One can show that this information matrix can be expressed by using the \(n \times n\) symmetric matrices \(\mathbf{N}_k := \mathbf{L}^{-1} \left[\partial_{\theta_k} \mathbf{R}\right] \mathbf{L}^{-\top}\) where \(\mathbf{L}\) is the lower Cholesky root of the correlation matrix according to

\[\begin{split} \mathbf{H} = \frac{1}{2}\, \begin{bmatrix} \text{tr}(\mathbf{N}_1\mathbf{N}_1) & \text{tr}(\mathbf{N}_1\mathbf{N}_2) & \dots & \text{tr}(\mathbf{N}_1\mathbf{N}_p) \\ \text{tr}(\mathbf{N}_2\mathbf{N}_1) & \text{tr}(\mathbf{N}_2\mathbf{N}_2) & \dots & \text{tr}(\mathbf{N}_2\mathbf{N}_p) \\ \vdots & \vdots & & \vdots \\ \text{tr}(\mathbf{N}_p\mathbf{N}_1) & \text{tr}(\mathbf{N}_p\mathbf{N}_2) & \dots & \text{tr}(\mathbf{N}_p\mathbf{N}_p) \end{bmatrix}, \quad \mathbf{u} = \frac{1}{2 \sigma^2}\, \begin{bmatrix} \text{tr}(\mathbf{N}_1)\\ \text{tr}(\mathbf{N}_2) \\ \vdots\\ \text{tr}(\mathbf{N}_p) \end{bmatrix}, \qquad b = \frac{n - p}{2 \sigma^4}. \end{split}\]
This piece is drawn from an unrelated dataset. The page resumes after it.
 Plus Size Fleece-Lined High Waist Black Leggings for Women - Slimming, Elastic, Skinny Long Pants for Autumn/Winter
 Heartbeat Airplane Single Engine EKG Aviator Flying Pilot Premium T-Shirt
By multiplying by \(\sigma^2\) both the last row and the last column of \(\mathbf{I}^\star(\boldsymbol{\theta}, \, \sigma^2)\) corresponding to \(\sigma^2\), we get a new \((d+1) \times (d+1)\) matrix say \(\mathbf{I}^\star(\boldsymbol{\theta})\) which no longer depends on \(\sigma^2\), the notation \(\mathbf{I}^\star(\boldsymbol{\theta})\) being consistent with Gu et al. [GWB18]. Then \(\pi_{\texttt{ref}}(\boldsymbol{\theta}) = \left| \mathbf{I}^\star(\boldsymbol{\theta}) \right|^{1/2}\).
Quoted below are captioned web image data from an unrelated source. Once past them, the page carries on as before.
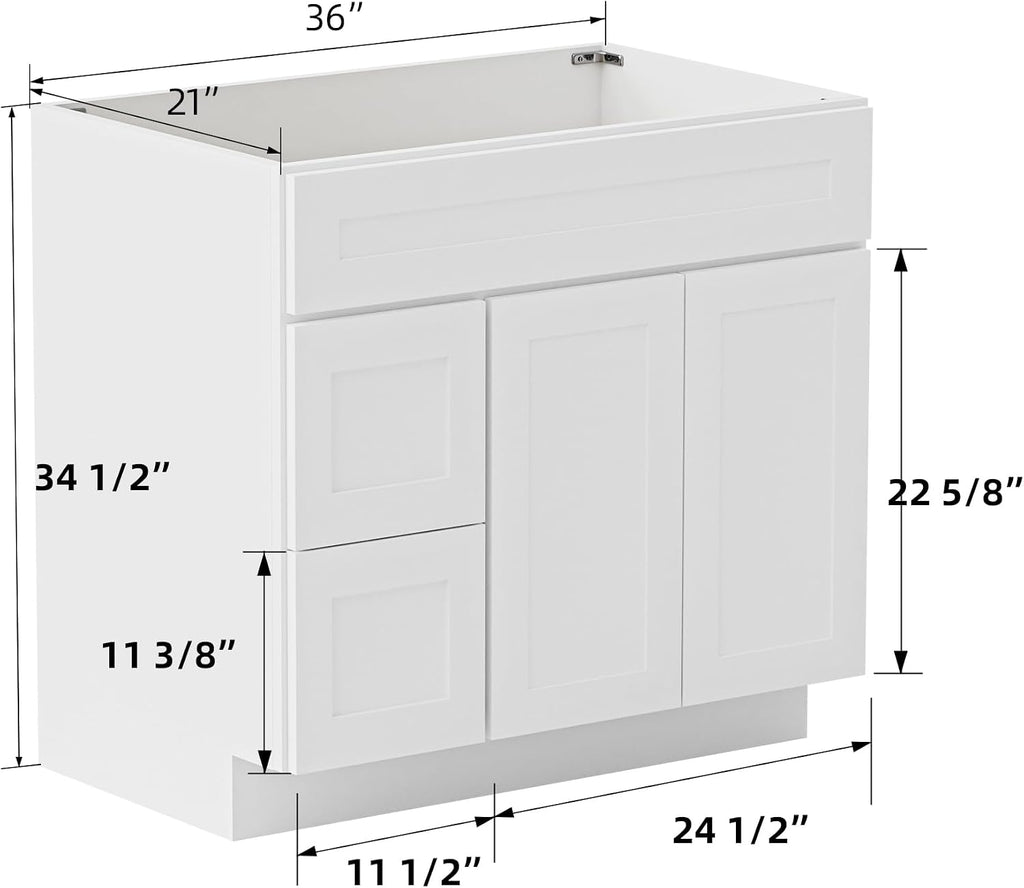 KitchenMan Bathroom Vanity 36 Inch Unassembled Bathroom Sink Cabinet with 2 Shaker Drawers and Vanity for Bathroom, White (Handles and Sink Basin Not Included)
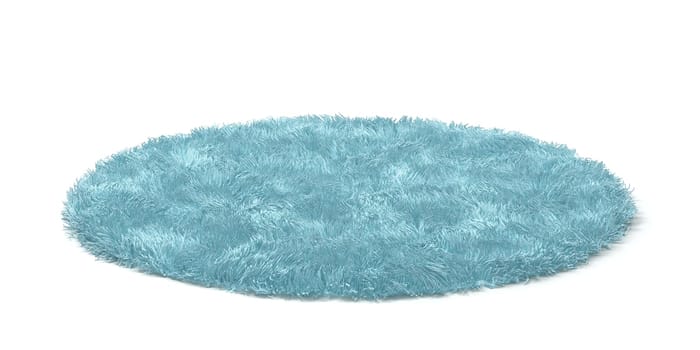 Clean round floor carpet. 3d illustration isolated on white background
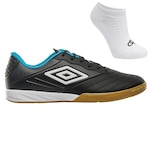 Chuteira Futsal Umbro Tocco III Club + 1 Par de Meias - Adulto PRETO/AZUL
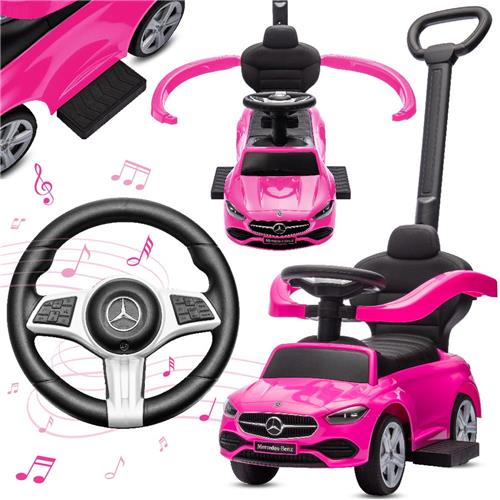 Mercedes C-Class Kindervoertuig 4in1, Loopauto met Claxon, Opbergruimte, Voetsteun, Duwstang, tot 2 jaar, max 27 kg, baby ride on (Roze)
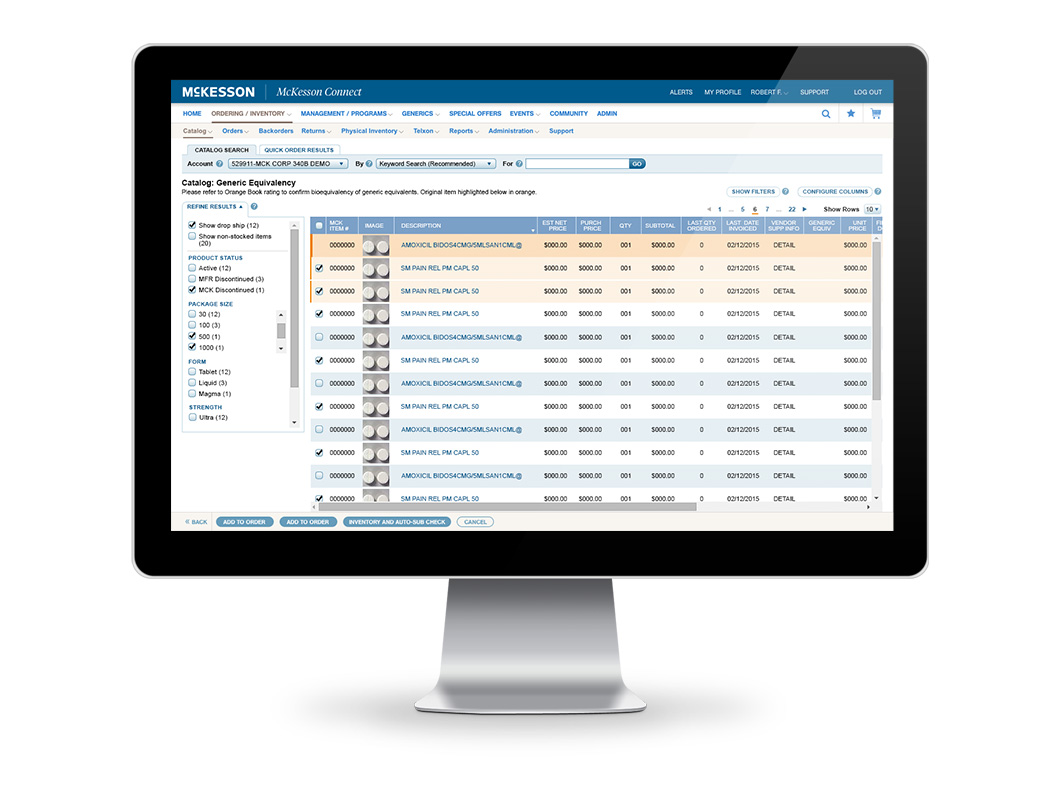 McKesson Connect ordering system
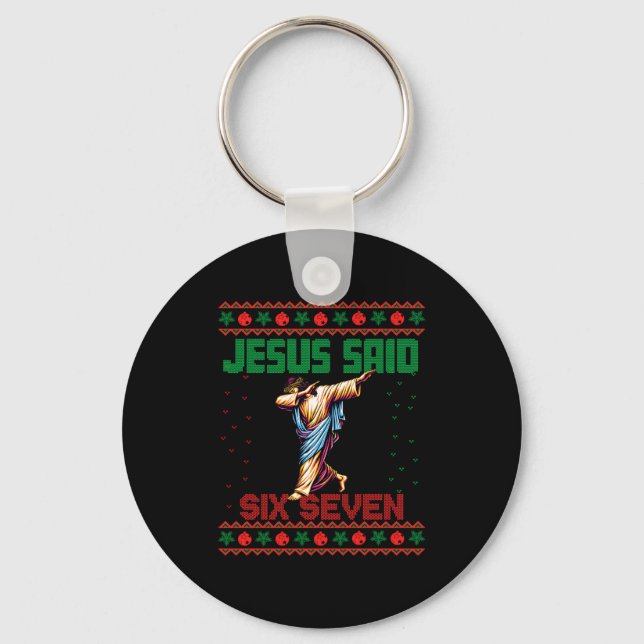 Porte-clés Dabbing Santa dit Six Seven 67 Meme Ugly Christma (Recto)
Note that the determinant expresses as

\[ \left| \mathbf{I}^\star(\boldsymbol{\theta}) \right| = |\mathbf{H}| \times \left|n -p - \mathring{\mathbf{u}}^\top \mathbf{H}^{-1} \mathring{\mathbf{u}} \right| \]

where \(\mathring{\mathbf{u}} := \sigma^2 \mathbf{u}\). See Gu [Gu16] for details.

Note The information matrix takes the blocks in the order: “\(\boldsymbol{\theta}\) then \(\sigma^2\)”, while the opposite order is used in Gu [Gu16].

The reference prior suffers from its high computational cost. Indeed, in order to get the value of the prior density one needs the derivatives of the correlation matrix \(\mathbf{R}\) and in order to use the derivatives of the prior to find the posterior mode, the second order derivatives of \(\mathbf{R}\) are required. An alternative is the following so-called Jointly robust prior.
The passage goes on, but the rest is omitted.